PROVIDED RECORDS:
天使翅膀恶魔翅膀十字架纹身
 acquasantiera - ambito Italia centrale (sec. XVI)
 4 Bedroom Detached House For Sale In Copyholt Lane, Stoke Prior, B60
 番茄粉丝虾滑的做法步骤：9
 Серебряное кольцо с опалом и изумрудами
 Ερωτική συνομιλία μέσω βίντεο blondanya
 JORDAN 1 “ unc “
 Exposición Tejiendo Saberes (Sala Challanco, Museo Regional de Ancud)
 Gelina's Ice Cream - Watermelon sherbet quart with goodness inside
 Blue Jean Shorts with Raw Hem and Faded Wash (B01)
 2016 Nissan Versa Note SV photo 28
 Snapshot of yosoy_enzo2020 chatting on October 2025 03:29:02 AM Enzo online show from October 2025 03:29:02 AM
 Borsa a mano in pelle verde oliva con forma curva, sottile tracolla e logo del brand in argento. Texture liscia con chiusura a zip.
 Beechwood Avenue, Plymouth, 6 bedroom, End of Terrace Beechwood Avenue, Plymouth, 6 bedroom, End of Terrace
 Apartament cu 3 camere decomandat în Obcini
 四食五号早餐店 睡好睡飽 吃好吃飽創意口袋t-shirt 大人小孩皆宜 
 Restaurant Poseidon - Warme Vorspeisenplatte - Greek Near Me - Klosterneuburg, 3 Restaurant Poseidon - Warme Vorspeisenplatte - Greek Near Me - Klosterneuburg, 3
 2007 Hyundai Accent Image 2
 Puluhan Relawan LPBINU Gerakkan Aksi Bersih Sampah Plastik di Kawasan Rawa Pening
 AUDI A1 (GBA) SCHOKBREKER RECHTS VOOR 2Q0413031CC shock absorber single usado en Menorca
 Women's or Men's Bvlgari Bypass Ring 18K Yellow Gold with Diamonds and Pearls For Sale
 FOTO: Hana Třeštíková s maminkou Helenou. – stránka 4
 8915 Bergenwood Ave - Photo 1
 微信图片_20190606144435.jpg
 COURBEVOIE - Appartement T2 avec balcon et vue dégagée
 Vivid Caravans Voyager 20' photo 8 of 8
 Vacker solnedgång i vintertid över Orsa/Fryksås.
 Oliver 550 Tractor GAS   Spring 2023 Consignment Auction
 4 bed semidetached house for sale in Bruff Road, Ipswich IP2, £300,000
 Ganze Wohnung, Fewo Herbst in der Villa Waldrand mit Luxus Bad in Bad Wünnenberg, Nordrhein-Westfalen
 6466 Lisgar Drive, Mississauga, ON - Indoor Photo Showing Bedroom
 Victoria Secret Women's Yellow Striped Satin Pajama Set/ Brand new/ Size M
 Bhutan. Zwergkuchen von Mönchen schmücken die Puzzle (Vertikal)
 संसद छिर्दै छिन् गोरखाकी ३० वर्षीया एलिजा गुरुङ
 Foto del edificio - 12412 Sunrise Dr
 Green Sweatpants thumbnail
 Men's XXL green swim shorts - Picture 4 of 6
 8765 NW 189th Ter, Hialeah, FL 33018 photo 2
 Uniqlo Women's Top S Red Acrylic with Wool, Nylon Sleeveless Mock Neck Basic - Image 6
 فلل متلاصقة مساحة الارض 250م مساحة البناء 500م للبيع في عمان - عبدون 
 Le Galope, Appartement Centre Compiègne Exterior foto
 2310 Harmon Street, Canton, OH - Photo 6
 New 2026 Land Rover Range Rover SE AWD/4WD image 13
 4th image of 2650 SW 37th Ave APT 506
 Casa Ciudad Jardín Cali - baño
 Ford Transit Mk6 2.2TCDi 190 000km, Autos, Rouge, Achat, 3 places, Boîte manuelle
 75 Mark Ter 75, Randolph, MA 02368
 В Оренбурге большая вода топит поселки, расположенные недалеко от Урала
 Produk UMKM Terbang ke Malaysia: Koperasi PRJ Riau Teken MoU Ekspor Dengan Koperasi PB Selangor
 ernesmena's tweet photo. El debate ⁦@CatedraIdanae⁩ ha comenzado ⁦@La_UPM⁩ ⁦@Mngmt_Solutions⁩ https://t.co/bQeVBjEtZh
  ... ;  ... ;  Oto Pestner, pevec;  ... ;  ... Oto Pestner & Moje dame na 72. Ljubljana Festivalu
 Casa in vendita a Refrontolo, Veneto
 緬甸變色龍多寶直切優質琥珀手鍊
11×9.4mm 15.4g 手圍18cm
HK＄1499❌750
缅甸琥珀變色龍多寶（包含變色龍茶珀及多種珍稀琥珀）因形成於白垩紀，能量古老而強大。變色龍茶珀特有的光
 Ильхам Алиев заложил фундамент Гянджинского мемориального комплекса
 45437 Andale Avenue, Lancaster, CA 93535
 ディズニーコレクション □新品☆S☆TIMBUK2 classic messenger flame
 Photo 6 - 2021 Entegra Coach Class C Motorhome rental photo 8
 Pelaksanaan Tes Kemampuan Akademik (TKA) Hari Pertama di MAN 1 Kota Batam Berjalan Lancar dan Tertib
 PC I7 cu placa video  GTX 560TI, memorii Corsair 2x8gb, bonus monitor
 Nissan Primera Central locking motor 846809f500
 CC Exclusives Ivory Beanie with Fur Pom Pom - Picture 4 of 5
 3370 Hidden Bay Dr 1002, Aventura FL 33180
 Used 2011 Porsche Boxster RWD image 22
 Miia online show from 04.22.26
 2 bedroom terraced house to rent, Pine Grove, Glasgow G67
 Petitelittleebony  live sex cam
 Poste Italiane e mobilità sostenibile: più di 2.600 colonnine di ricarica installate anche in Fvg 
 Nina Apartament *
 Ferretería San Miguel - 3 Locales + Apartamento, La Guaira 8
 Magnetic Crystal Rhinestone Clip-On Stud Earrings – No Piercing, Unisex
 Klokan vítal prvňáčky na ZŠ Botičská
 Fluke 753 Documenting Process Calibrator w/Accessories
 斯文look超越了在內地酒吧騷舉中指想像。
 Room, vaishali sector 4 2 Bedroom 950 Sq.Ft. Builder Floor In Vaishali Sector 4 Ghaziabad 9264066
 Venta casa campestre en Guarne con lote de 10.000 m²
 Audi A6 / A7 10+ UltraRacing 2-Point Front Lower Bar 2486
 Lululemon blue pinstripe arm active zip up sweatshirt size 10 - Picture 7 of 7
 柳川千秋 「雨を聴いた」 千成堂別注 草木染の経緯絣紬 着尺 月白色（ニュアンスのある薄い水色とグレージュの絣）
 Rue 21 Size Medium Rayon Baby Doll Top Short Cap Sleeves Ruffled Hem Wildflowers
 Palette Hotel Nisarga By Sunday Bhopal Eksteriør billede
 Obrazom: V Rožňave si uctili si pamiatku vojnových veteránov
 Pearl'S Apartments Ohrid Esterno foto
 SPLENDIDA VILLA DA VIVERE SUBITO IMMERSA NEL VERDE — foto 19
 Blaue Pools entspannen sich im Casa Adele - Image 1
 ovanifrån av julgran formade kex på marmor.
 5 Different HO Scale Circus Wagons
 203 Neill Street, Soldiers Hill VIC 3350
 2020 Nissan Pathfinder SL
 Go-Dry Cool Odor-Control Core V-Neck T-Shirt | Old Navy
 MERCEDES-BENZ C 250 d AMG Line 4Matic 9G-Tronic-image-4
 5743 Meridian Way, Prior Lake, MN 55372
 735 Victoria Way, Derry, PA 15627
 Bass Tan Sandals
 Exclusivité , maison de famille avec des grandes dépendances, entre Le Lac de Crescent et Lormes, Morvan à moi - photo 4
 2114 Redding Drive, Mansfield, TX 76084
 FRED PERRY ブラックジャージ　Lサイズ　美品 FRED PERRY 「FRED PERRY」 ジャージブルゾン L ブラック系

TASK GOAL: For this exercise, please copy exactly the lines of the material above from its first line through the line where "COURBEVOIE - Appartement" appears.

TASK SOLUTION:
天使翅膀恶魔翅膀十字架纹身
 acquasantiera - ambito Italia centrale (sec. XVI)
 4 Bedroom Detached House For Sale In Copyholt Lane, Stoke Prior, B60
 番茄粉丝虾滑的做法步骤：9
 Серебряное кольцо с опалом и изумрудами
 Ερωτική συνομιλία μέσω βίντεο blondanya
 JORDAN 1 “ unc “
 Exposición Tejiendo Saberes (Sala Challanco, Museo Regional de Ancud)
 Gelina's Ice Cream - Watermelon sherbet quart with goodness inside
 Blue Jean Shorts with Raw Hem and Faded Wash (B01)
 2016 Nissan Versa Note SV photo 28
 Snapshot of yosoy_enzo2020 chatting on October 2025 03:29:02 AM Enzo online show from October 2025 03:29:02 AM
 Borsa a mano in pelle verde oliva con forma curva, sottile tracolla e logo del brand in argento. Texture liscia con chiusura a zip.
 Beechwood Avenue, Plymouth, 6 bedroom, End of Terrace Beechwood Avenue, Plymouth, 6 bedroom, End of Terrace
 Apartament cu 3 camere decomandat în Obcini
 四食五号早餐店 睡好睡飽 吃好吃飽創意口袋t-shirt 大人小孩皆宜 
 Restaurant Poseidon - Warme Vorspeisenplatte - Greek Near Me - Klosterneuburg, 3 Restaurant Poseidon - Warme Vorspeisenplatte - Greek Near Me - Klosterneuburg, 3
 2007 Hyundai Accent Image 2
 Puluhan Relawan LPBINU Gerakkan Aksi Bersih Sampah Plastik di Kawasan Rawa Pening
 AUDI A1 (GBA) SCHOKBREKER RECHTS VOOR 2Q0413031CC shock absorber single usado en Menorca
 Women's or Men's Bvlgari Bypass Ring 18K Yellow Gold with Diamonds and Pearls For Sale
 FOTO: Hana Třeštíková s maminkou Helenou. – stránka 4
 8915 Bergenwood Ave - Photo 1
 微信图片_20190606144435.jpg
 COURBEVOIE - Appartement T2 avec balcon et vue dégagée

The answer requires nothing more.